When quite beyond the
inhabited parts, we found the country abounding in animal life of every
form. There are upward of thirty species of birds on the river itself.
Hundreds of the `Ibis religiosa' come down the Leeambye with the rising
water, as they do on the Nile; then large white pelicans, in flocks of
three hundred at a time, following each other in long extending line,
rising and falling as they fly so regularly all along as to look like an
extended coil of birds; clouds of a black shell-eating bird, called
linongolo (`Anastomus lamelligerus'); also plovers, snipes, curlews, and
herons without number.
There are, besides the more
common, some strange varieties.
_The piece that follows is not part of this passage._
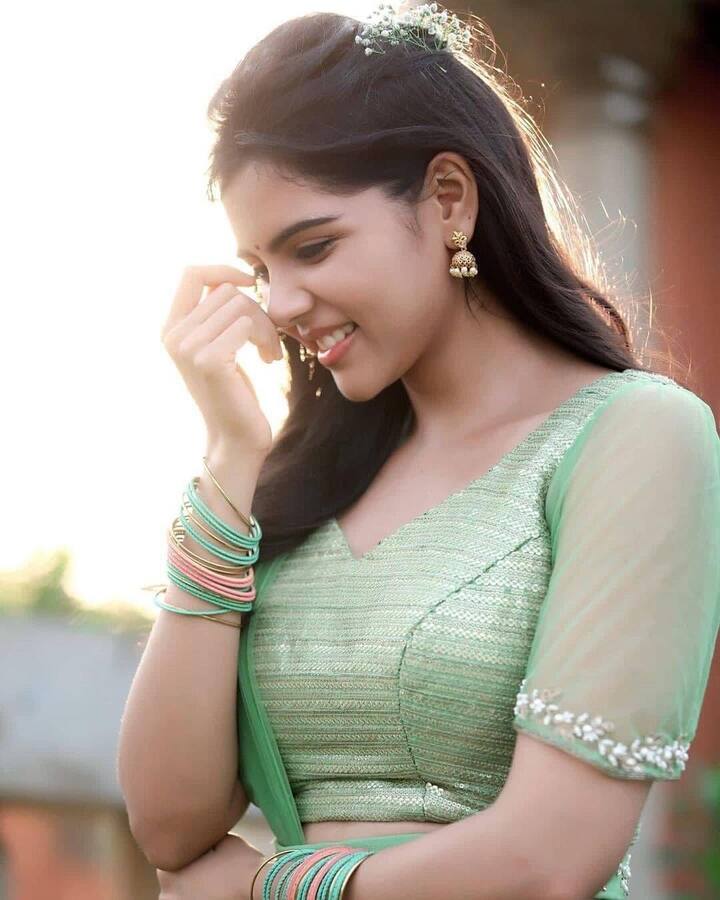 நிக்க பண்ணி, நிக்கும் இந்த, பையன் லைப்-u, ஜோக் லா,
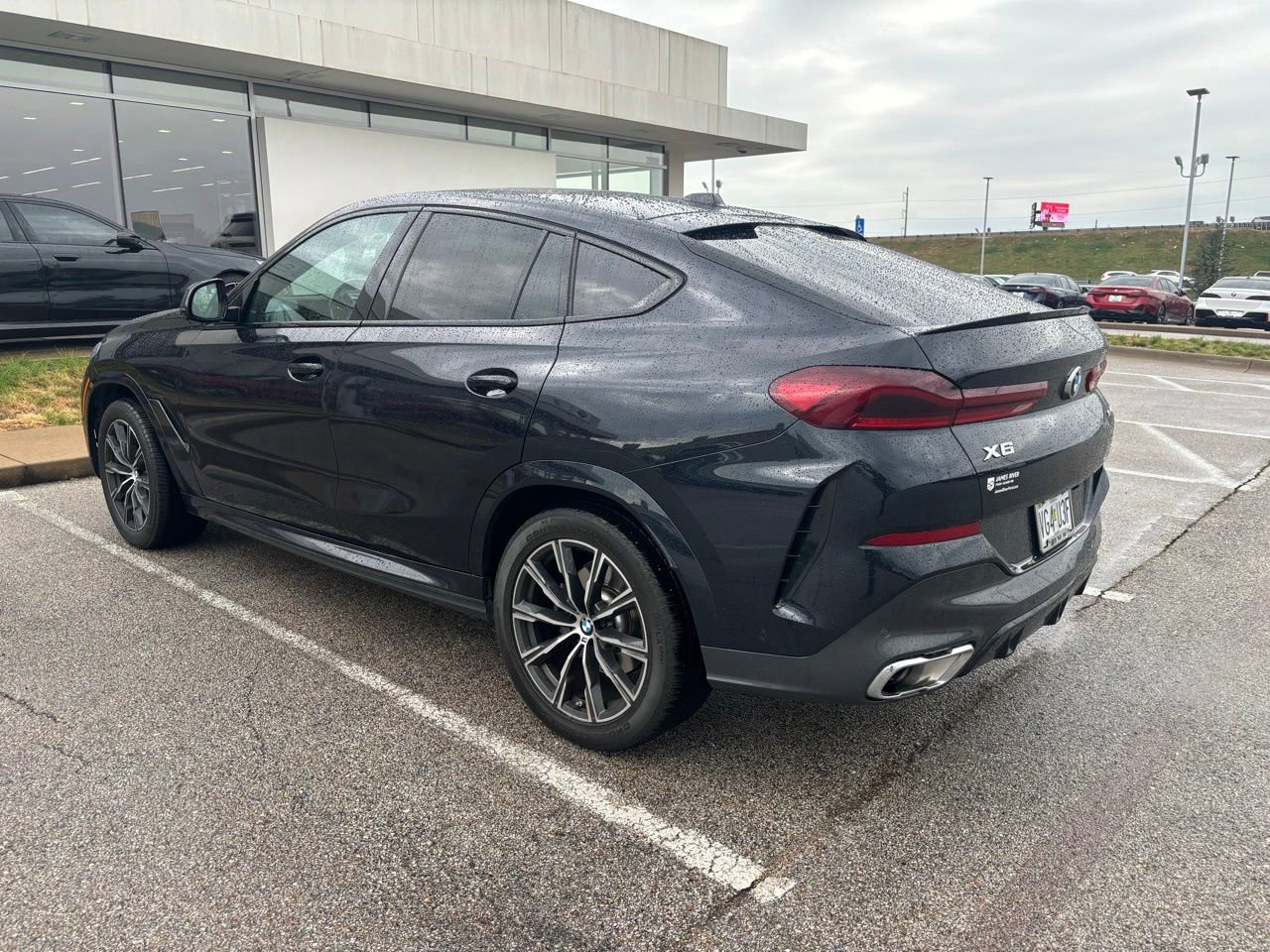 Used 2024 BMW X6 xDrive40i w/ Premium Package AWD/4WD image 7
The pretty white `ardetta' is seen in
flocks, settling on the backs of large herds of buffaloes, and following
them on the wing when they run; while the kala (`Textor erythrorhynchus')
is a better horseman, for it sits on the withers when the animal is at
full speed. Then those strange birds, the scissor-bills, with snow-white
breast, jet-black coat, and red beak, sitting by day on the sand-banks,
the very picture of comfort and repose. Their nests are only little
hollows made on these same sand-banks, without any attempt of concealment;
they watch them closely, and frighten away the marabou and crows from
their eggs by feigned attacks at their heads. When man approaches their
nests, they change their tactics, and, like the lapwing and ostrich, let
one wing drop and make one leg limp, as if lame. The upper mandible being
so much shorter than the lower, the young are more helpless than the stork
in the fable with the flat dishes, and must have every thing conveyed into
the mouth by the parents till they are able to provide for themselves. The
lower mandible, as thin as a paper-knife, is put into the water while the
bird skims along the surface, and scoops up any little insects it meets.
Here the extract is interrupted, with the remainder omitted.